Why managers need to wake up to ESG threat

While the pace of change may differ between clients, for the future of ESG investments the only way is up. So, how at risk are the funds or wealth managers that do not manage to move to a full ESG-process across a client’s entire portfolio?


The main problem is that many fund managers have not caught up with the idea of ESG yet. To demonstrate this, the equities chart below shows only 50% of funds which slap themselves with an ‘ESG’ label actually get an above-average Morningstar ESG rating.

Those that do not match investors’ growing expectations of a green and sustainable fund risk losing out on key business from ethically-minded clients.

Bonds funds (see the bonds chart below) are a much closer match, with 70% of those identified as ESG funds rated above average. But still, this illustrates the problem for fund buyers working for clients who demand ESG compliance. What exactly counts as ESG?

Wake-up call

Teresa Platan, who specialises in selecting emerging markets and Japan equity funds for Aktia, a Finnish bank, believes that fund managers are going to have to wake up to this threat.

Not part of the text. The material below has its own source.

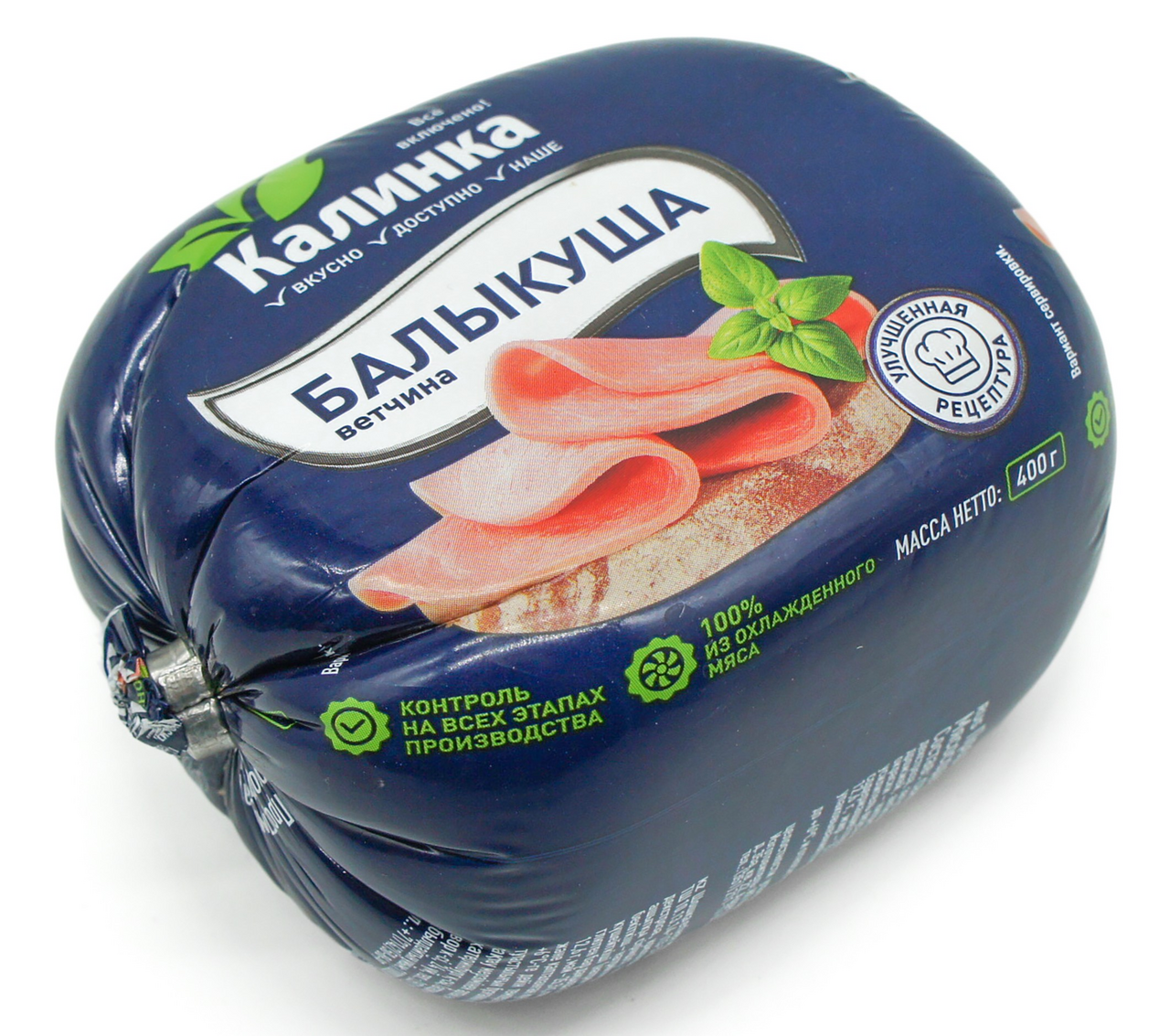 Ветчина Калинка Балыкушка, 400г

“It will get to a point where, if a fund group doesn’t have fully-implemented ESG integration, and had it in place for sometime, we won’t be able to use them anymore,” she says. “The shift has been so fast in the past year with the clients suddenly asking so much about ESG. It’s difficult to say exactly how long before we’re there. Maybe only in a year or two.”

Most of Platan’s clients, institutional investors, are at the so-called ‘stage-three’ of awareness where they expect all funds to be ESG checked.

The first two stages jump from not caring at all, to using ESG-specific funds.

In a fourth stage clients may expect ESG to be an alpha-generating, structural part of the investment process.

“Going back maybe three years, we understood it would not be enough to tick an ESG box,” she says. “We really want to understand how a fund manager integrates ESG throughout their entire decision-making process. Clients have in recent years made it a requirement.”

Get involved

Platan starts with a relatively straightforward fund selection process, first screening funds quantitatively and then analyse them qualitatively.

She has found there are fund managers who do the minimum they can get away with, but even with these, Platan’s attitude is to be supportive.

“It might start with a manager who says they look at ESG separately or that they only look at the governance part. But that is good – governance is the first thing you have to look at,” she said.

“At the beginning they might not have any external ESG research. They do it themselves, and maybe it’s not very in-depth. They need to have a separate dedicated ESG resource that develops their processes. But at least they are trying.”

Even though she sees everything moving to full ESG requirements, when she encounters a fund manager who is not up to scratch, for the moment at least, she will not reject them.

Instead, Platan chooses to work with the manager, explaining what her needs are and suggesting how they might use ESG in a way that doesn’t disrupt their portfolio or might even add value.

And you don’t need to be a fund manager with a huge team and lots of resource to this. She gives an example of a small boutique frontier market manager they invest in that fully satisfies these elements.